The InterPlanetary File System (IPFS) is a peer-to-peer hypermedia protocol that aims to make the web faster, safer, and more open. Each file or piece of data stored on IPFS is represented by a unique string of characters called a Content Identifier (CID). In this article, we’ll delve deeper into the construction of CID version 1 (CIDv1) using the provided C code.

The Structure of CIDv1

CIDv1 has a specific structure that can be represented as:

<cidv1> ::= <multibase-prefix><multicodec-cidv1><multicodec-content-type><multihash-content-address>

Where:

  • <multibase-prefix>: Specifies the base encoding being used, such as base32, base58, etc. For our code, we’re using base32, which has a ‘b’ prefix.
  • <multicodec-cidv1>: This indicates that the CID is version 1.
  • <multicodec-content-type>: Specifies the type of content being addressed, such as raw data, IPFS block, etc.

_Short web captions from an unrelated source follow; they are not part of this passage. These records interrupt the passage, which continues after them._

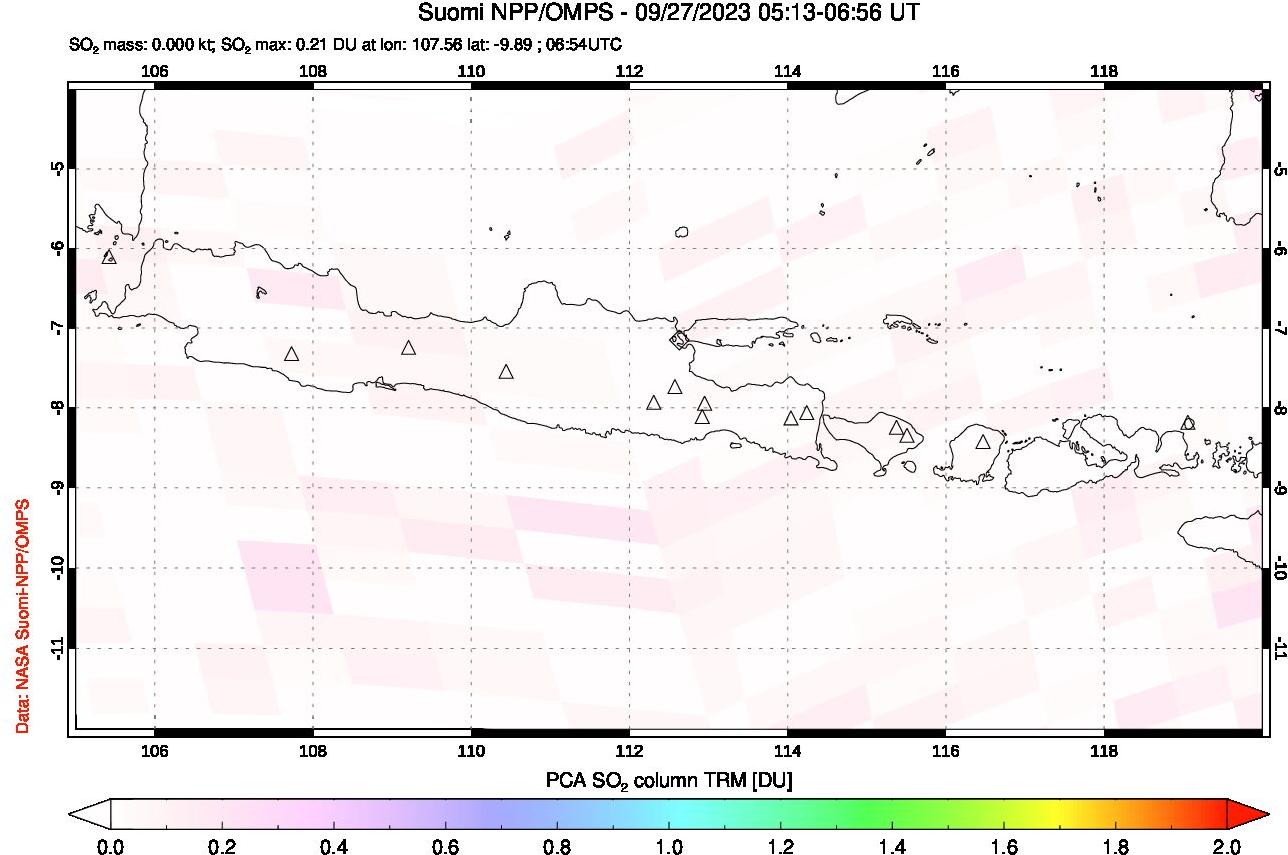 A sulfur dioxide image over Java, Indonesia on Sep 27, 2023.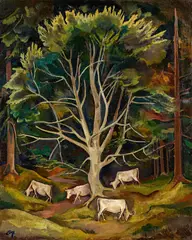 Kühe im Wald by Karl Hofer, Um 1912/13 (?), Öl auf Leinwand, sold Dec 2021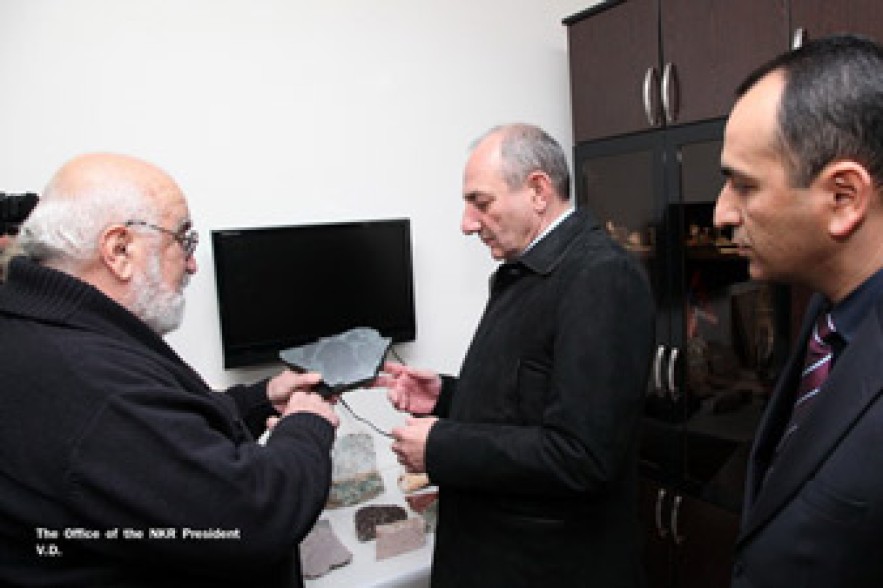 Bako Sahakyan visits Artsakh geological station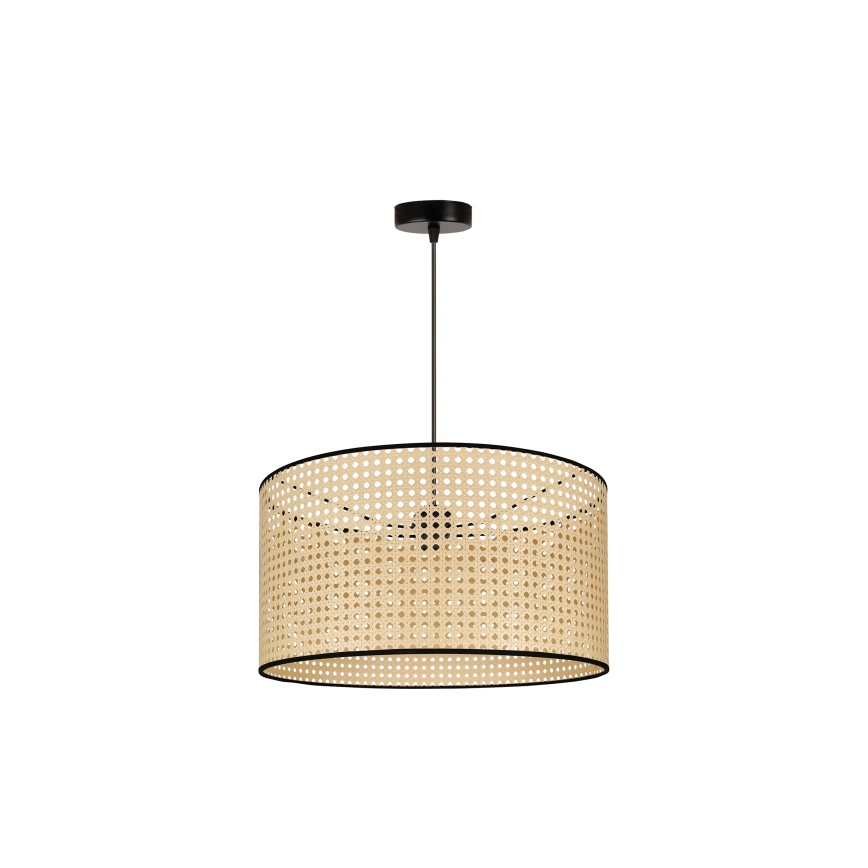 Duolla - Luster na lanku ROLLER 1xE27/15W/230V pr. 45 cm ratan/čierna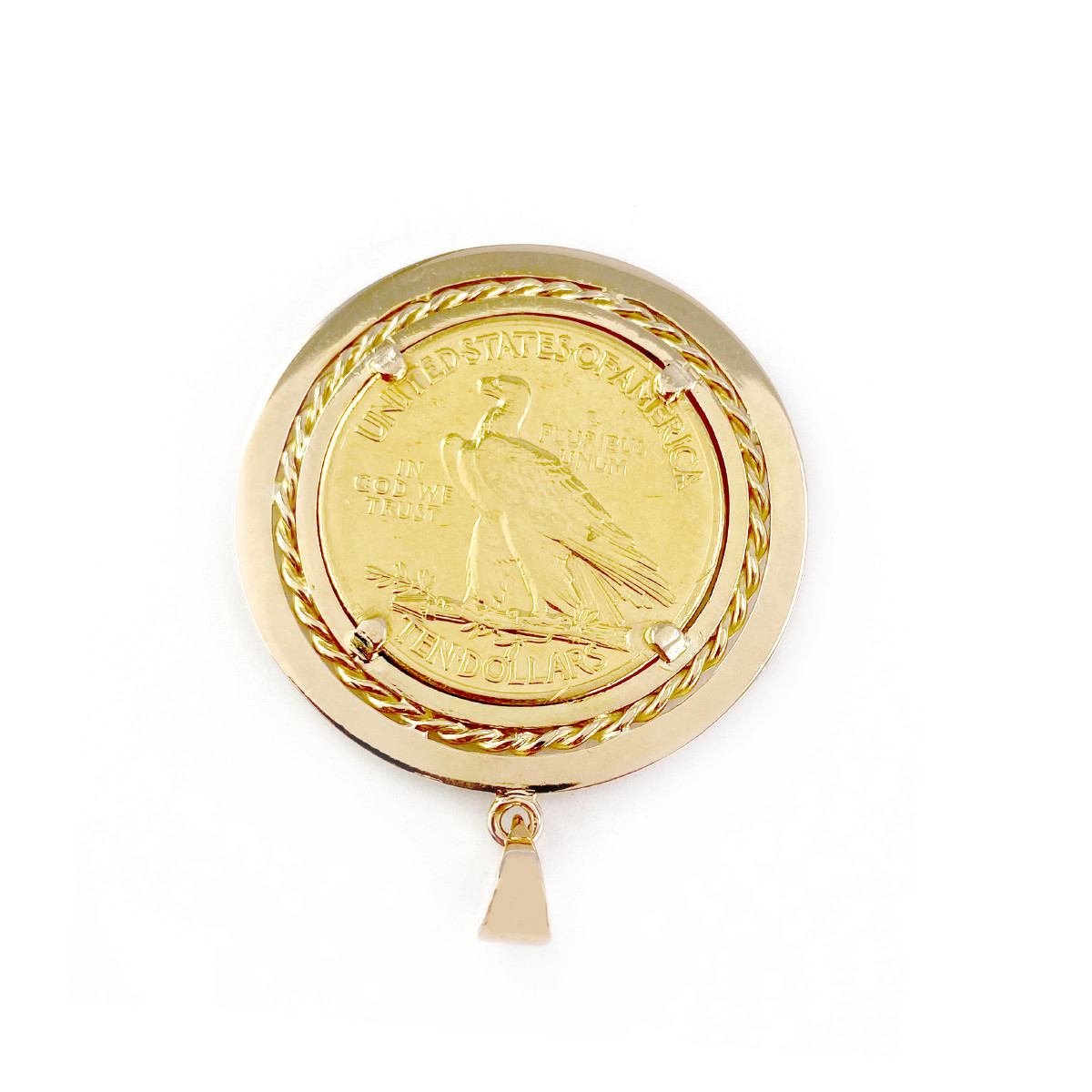 Pendentif d'occasion or 750 jaune porte pièce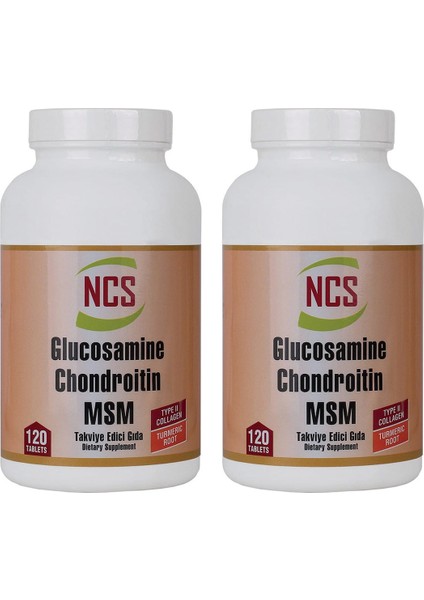 Glucosamine Chondroitin Msm Type Iı Collagen Turmeric 120 Tablet x 2 Adet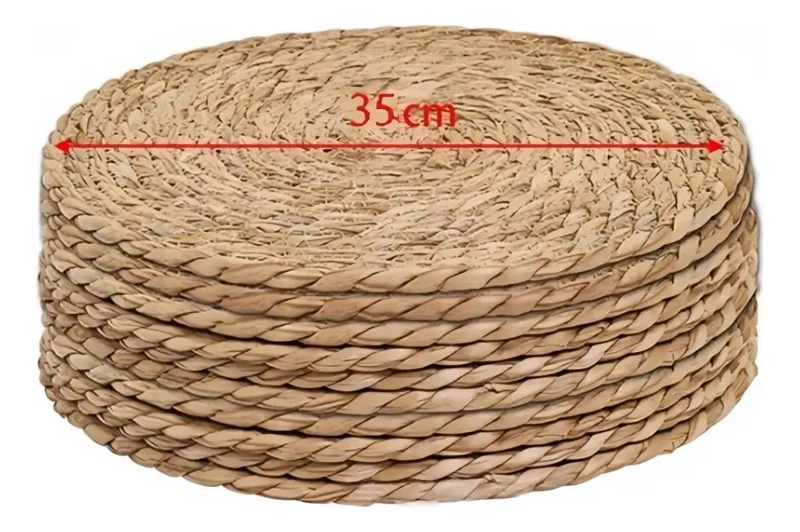 SET DE 12 INDIVIDUALES REDONDOS DE FIBRA NATURAL DE YUTE 35 CM - 7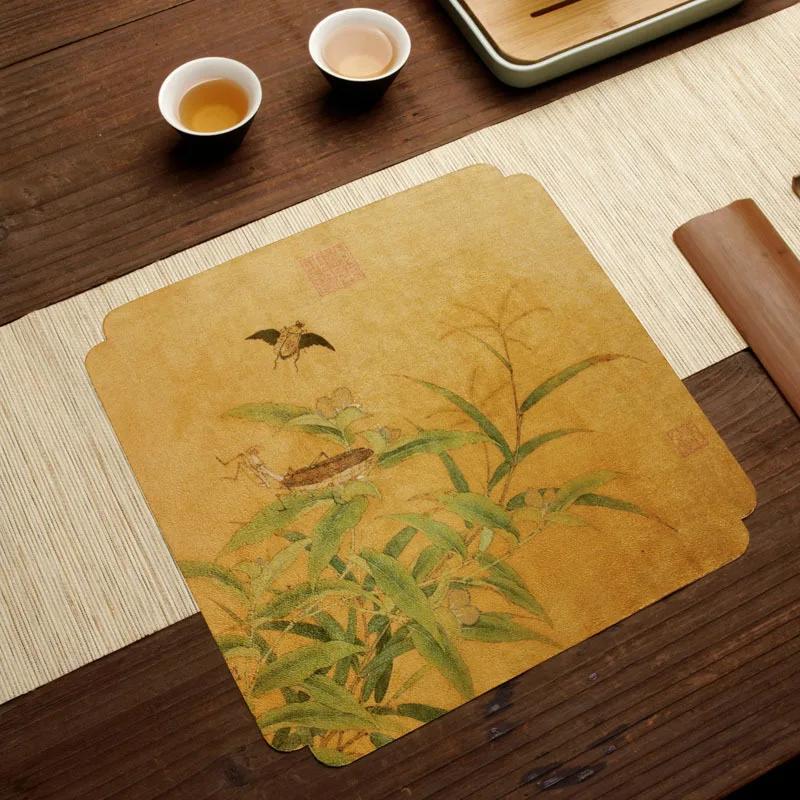 

Square Painted Thick Tea Towel Super Absorbent High-end Tea Set Accessories Tea Table Cloth Pad Professional Rag Tea Napkin 28x28cm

In our case, we’re addressing raw data.
  • <multihash-content-address>: Contains the hash function used (e.g., SHA-256) followed by the length and the actual hash value of the content.

Code Walkthrough

Now, let’s go through the create_cid_v1_from_string function, which generates a CIDv1 from a given string:

char* create_cid_v1_from_string(const char* data) {
    ...
}

Step 1: Compute the SHA-256 hash

The first step is to compute the SHA-256 hash of the input string:

uint8_t hash[SHA256_DIGEST_LENGTH];
sha256(data, strlen(data), hash);

Step 2: Construct the CID

Next, we construct a byte array to hold our CID:

uint8_t pre_encoded_cid[SHA256_DIGEST_LENGTH + 4];

The extra 4 bytes are for the version, codec, hash function, and hash length:

pre_encoded_cid[0] = 0x01;  // cidv1
pre_encoded_cid[1] = 0x55;  // raw multicodec
pre_encoded_cid[2] = 0x12;  // sha256
pre_encoded_cid[3] = 0x20;  // sha256 digest length

Then, we copy the actual hash value:

memcpy(pre_encoded_cid + 4, hash, SHA256_DIGEST_LENGTH);

Step 3: Base32 Encode the CID

Before encoding, we calculate the required buffer size:

size_t input_length = SHA256_DIGEST_LENGTH + 4;
size_t buffer_size = (input_length + 4) / 5 * 8 + 1;

Then, we allocate memory for the encoded CID and add the ‘b’ prefix for base32:

char* base32_cid = (char*)malloc(buffer_size + 2);
base32_cid[0] = 'b';

Finally, we encode our CID and convert it to lowercase:

base32_encode(pre_encoded_cid, input_length, base32_cid + 1, buffer_size, BASE32_ALPHABET_RFC4648);
string_to_lowercase(base32_cid);

The resulting base32_cid is our CIDv1, ready to be used!

Important Notes

While the provided code offers a concise way to generate CIDv1, there are certain aspects not covered in this snippet. For instance, error handling is minimal, and memory management is essential. The user is responsible for freeing the allocated memory after use.

Source and References

The provided code is part of the rddl-network librddl library. For a more comprehensive understanding and to explore additional functionalities, feel free to check out the linked GitHub repository.

Conclusion

Understanding the intricacies of CIDv1 creation is essential for developers working with IPFS or other similar distributed systems. By breaking down the CIDv1 structure and walking through the code, we hope to provide a clearer picture of this crucial process. Always remember to handle memory correctly and responsibly when working in C.